Alemanha e Japão querem recuperar poderio militar após 60 anos

Agressores da Segunda Guerra se rearmaram e líderes querem maior papel para tropas; terrorismo e ameaça nuclear de Coréia do Norte são principais razões

STEPHEN FIDLER
DO "FINANCIAL TIMES"

Mais de 60 anos após sua derrota na Segunda Guerra Mundial, Japão e Alemanha parecem estar finalmente deixando para trás um dos legados duradouros do conflito. Sinais públicos enviados nas últimas semanas pelos líderes de Tóquio e de Berlim sugerem que os dois países estão chegando mais perto de desenvolver forças militares capazes de refletir sua influência econômica.

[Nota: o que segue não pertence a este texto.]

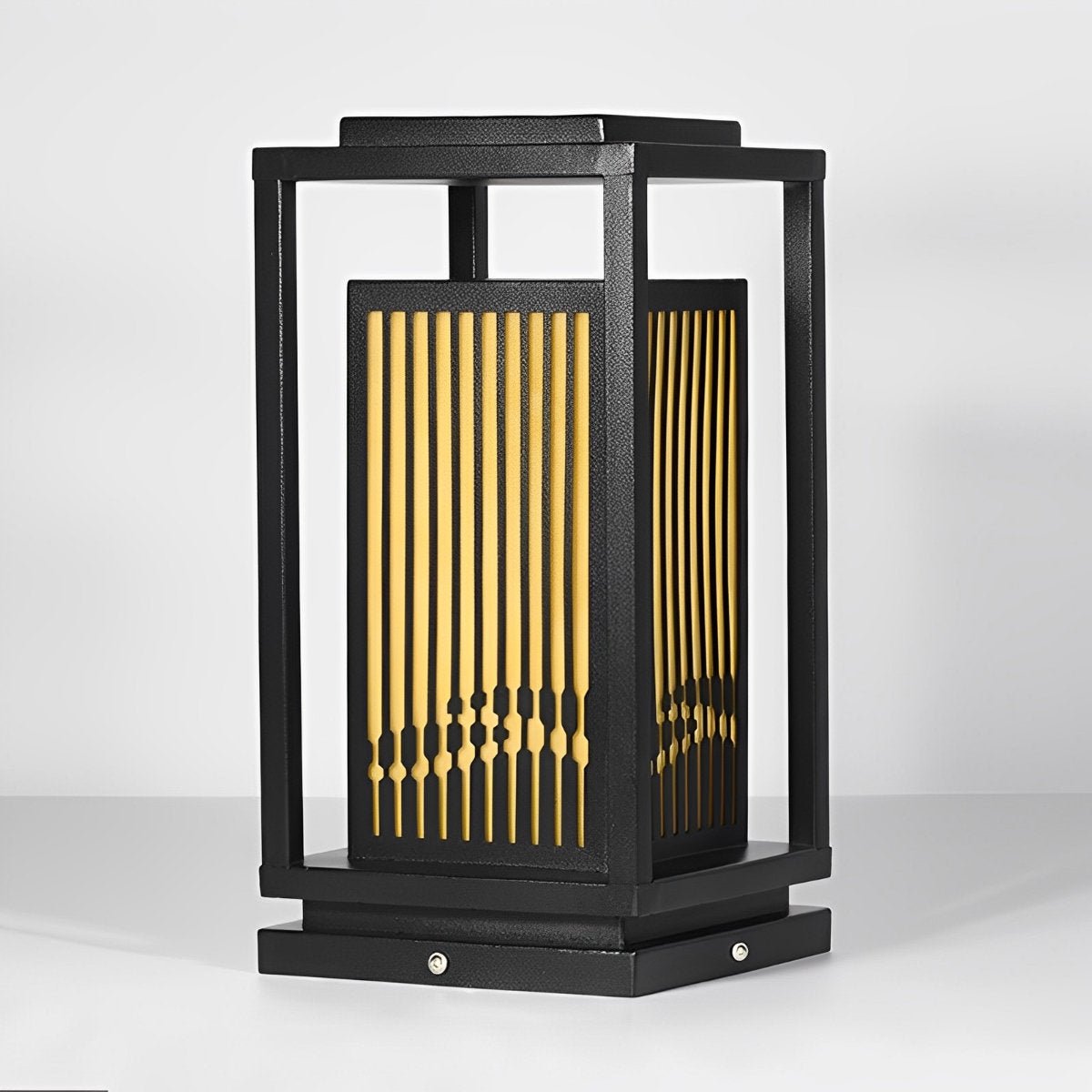 Minimalist Striped LED Black Modern Post Cap Light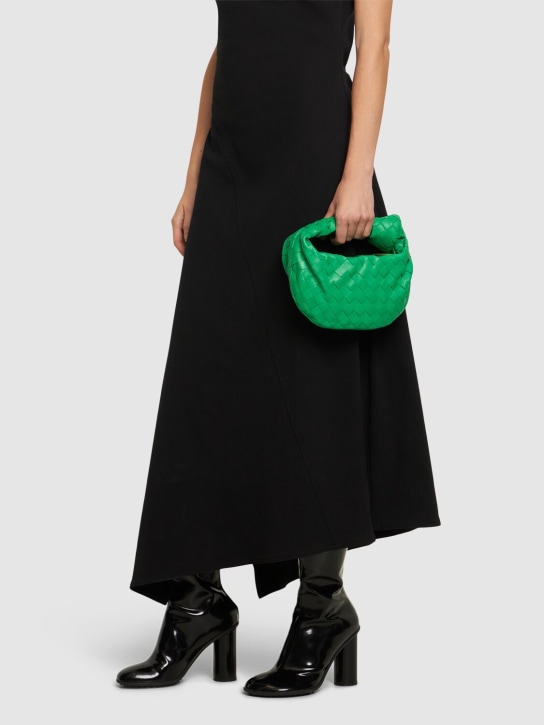 Bottega Veneta: Mini Jodie leather top handle bag - Parakeet - women_1 | Luisa Via Roma
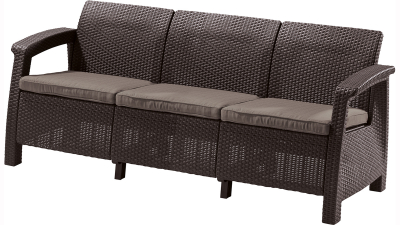 Диван пластиковый Keter Corfu Love Seat Max пластик с имитацией плетения коричневый Фото 1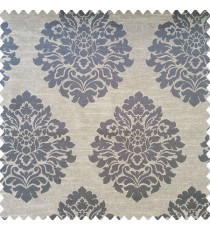 Navy blue cream color traditional damask designs texture finished surface swirls horizontal lines polyester main curtain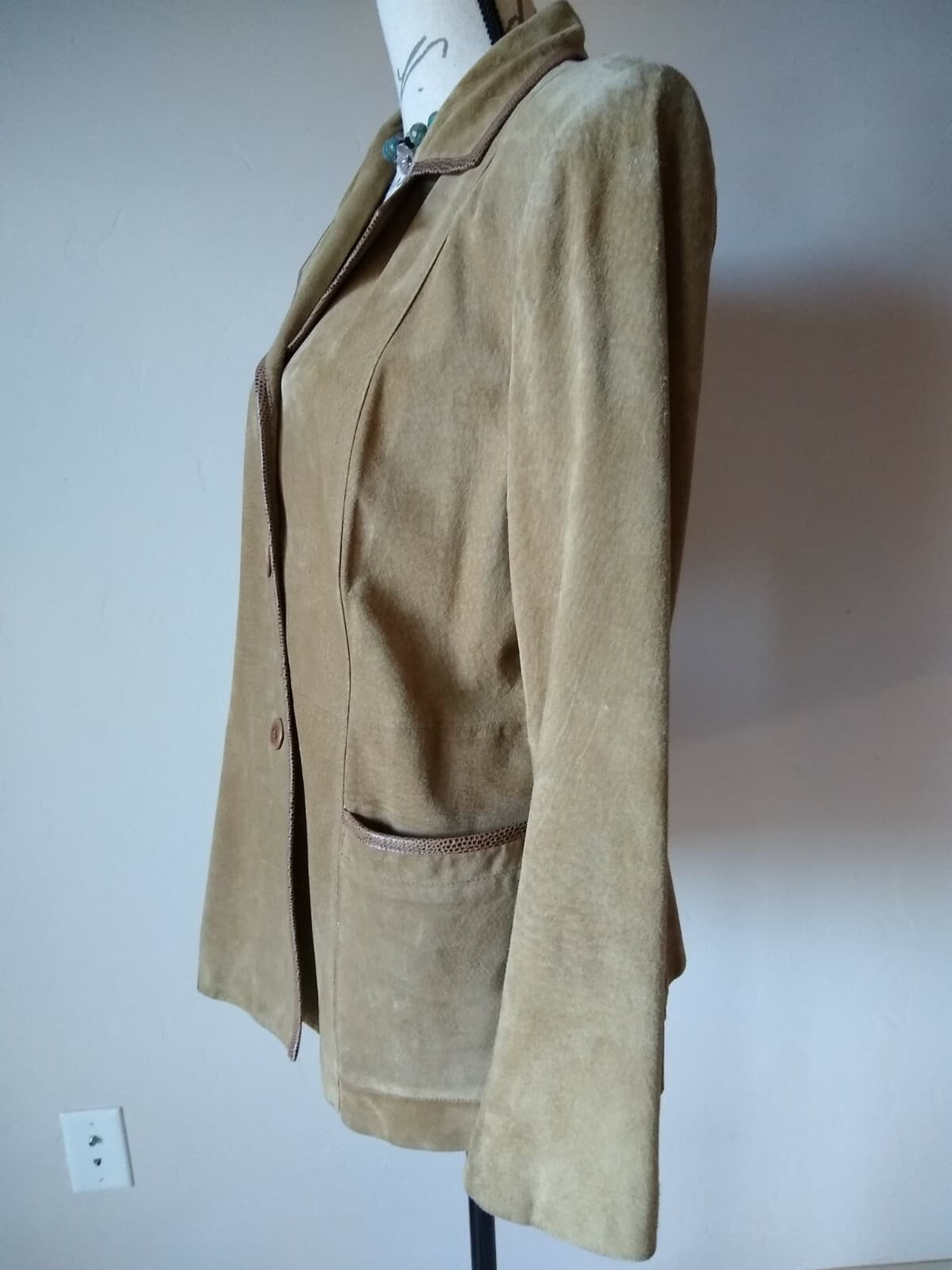 CLASSIQUES ENTIER Genuine Suede Leather Jacket Button Lined Khaki Sz.L - Thumbnail 6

No Japão, o novo primeiro-ministro se viu confrontado com um novo desafio de segurança, e praticamente à porta de seu país: a Coréia do Norte já demonstrou formalmente que tem condições de detonar uma arma nuclear.

O teste nuclear do mês passado intensificou a discussão sobre se o Japão deveria desenvolver sua bomba nuclear própria. Em entrevista ao "Financial Times", Shinzo Abe disse que vai lutar por uma emenda no artigo da Constituição que impede o Japão de desenvolver suas Forças Armadas.

Enquanto isso, na Alemanha, o gabinete da chanceler Angela Merkel ratificou um documento governamental aprovando a ampliação do papel internacional das Forças Armadas nacionais. O documento apontou para as mudanças radicais advindas no ambiente de segurança do país, tais como o crescimento do terrorismo e a difusão de armas de destruição em massa. Ela disse que uma força militar eficaz "é vital para a segurança da Alemanha e para uma política de defesa que procura moldar seu ambiente ativamente".

Os fatos podem causar inquietação, em vista da destruição provocada no século 20 pelas agressivas tradições militares dos dois países. Mas, enquanto a China e outros países da região irão observar o Japão de perto, os vizinhos da Alemanha provavelmente verão a novidade com bons olhos. E o mesmo se aplica aos EUA, que quer que os dois países assumam uma parte maior do ônus da segurança global, da qual os americanos consideram que carregam uma parcela desproporcional.

Os paralelos históricos são inconfundíveis. Tanto o Japão quanto a Alemanha têm Constituições redigidas pelos EUA ou sob forte influência dos EUA -que impuseram leis básicas que procuraram jogar por terra para sempre as tradições militaristas dos dois países.

Nos dois países, a tradição antimilitarista é mais do que uma questão de leis: as lições da Segunda Guerra foram absorvidas por boa parte da população. Em contraste com os americanos, japoneses e alemães compartilham um ceticismo profundo quanto à eficácia do poderio militar para resolver disputas internacionais. Nos dois países, a mudança estratégica inaugurada pelo final da Guerra Fria foi acompanhada por uma mudança de geração. Shinzo Abe, que assumiu o poder no Japão em setembro, e Angela Merkel, que este mês completa um ano no poder, são os primeiros líderes de seus países a terem nascido após o final da Segunda Guerra.

Vizinhanças diferentes

Mas as diferenças entre eles são maiores que as semelhanças. A Alemanha integra alianças multinacionais: a União Européia e a Otan. Ela está cercada por países amigáveis e não tem nenhum adversário evidente. Já o Japão tem como único baluarte contra vizinhos hostis ou desconfiados a aliança que mantém com os EUA.

"São casos totalmente diferentes", diz Volker Ruehe, ministro da Defesa alemão entre 1992 e 1998. Durante a Guerra Fria, em contraste com o Japão, a Alemanha pôde mobilizar grande número de tropas em pouco tempo: uma força de 13 milhões de homens podia ser mobilizada em sete dias.

Países vizinhos como Dinamarca e Holanda vêm exortando a Alemanha a aumentar seu orçamento militar, coisa que os vizinhos do Japão dificilmente fariam. Ademais, depois de ter enviado suas primeiras tropas ao exterior para missão da ONU no Camboja, desde então ela já as enviou para muitas outras operações do tipo.

Mas o teste nuclear norte-coreano acrescentou urgência à discussão no Japão. O maior obstáculo ostensivo a uma posição militar mais assertiva tem sido o artigo 9 de sua "Constituição de paz" de 1947. O artigo reza que "o povo japonês renuncia para sempre à guerra como direito soberano da nação e à ameaça ou uso da guerra como maneira de resolver disputas internacionais".

Comenta-se que a dissolução das inibições decorrentes da Segunda Guerra seria sinal de que Japão e Alemanha estariam se tornando países mais normais. Mas tudo indica que o caminho à "normalidade" plena terá muitos obstáculos.